The farther a howitzer is away from its intended target the less accurate standard shells become. This is called the circular error probable or CEP. This means at around 18 miles (the maximum range of a standard 155mm artillery shell fired from a M777A2 howitzer), half the rounds fired could land within an 853-foot circle around the target. The XM1156 reduces that circle to just shy of 100 feet, according to Army documents.
The XM1156 appears to have first popped up in Afghanistan in 2013, and in 2015, according to a report from Defense News, Orbital ATK was awarded a $120 million contract by the U.S. Army for the guidance kits. Canada and Australia has also experimented with them.
The U.S. military also fields other types of guided artillery shells, the XM982 GPS-guided Excalibur. The Excalibur increases the range of the M777A2 to roughly 25 miles.
The Marine artillery unit, though unnamed in the video, probably came from the 24th Marine Expeditionary Unit. The howitzer battery is providing fire support — along with guided rocket artillery — to U.S.-backed Syrian fighters battling the Islamic State in their de-facto capital of Raqqa. Open-source imagery has geo-located the Marine artillery within 10 miles of Raqqa, meaning even the unguided shells fired from the unit’s howitzers will land somewhat accurately —depending on weather.

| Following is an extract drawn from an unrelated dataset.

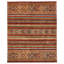 Tapis tribal multicolore et rouge 8 x 10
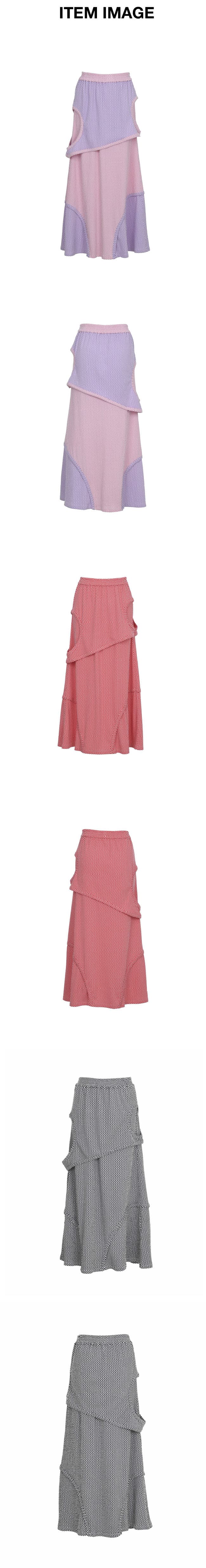 Cut-Out Detail Banding Skirt Black Check — vue 3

Though the XM1156 is meant to reduce civilian deaths and unnecessary damage to civilian structures, the U.S. military has been accused of causing hundreds of civilian casualties in Raqqa in recent weeks. Last month, videos appeared online of what looked M825-series white phosphorus smoke shells bursting over the Syrian city, setting some structures ablaze. Those type of shells appeared in the recent video posted online and have also been documented in prior images circulated by the Pentagon.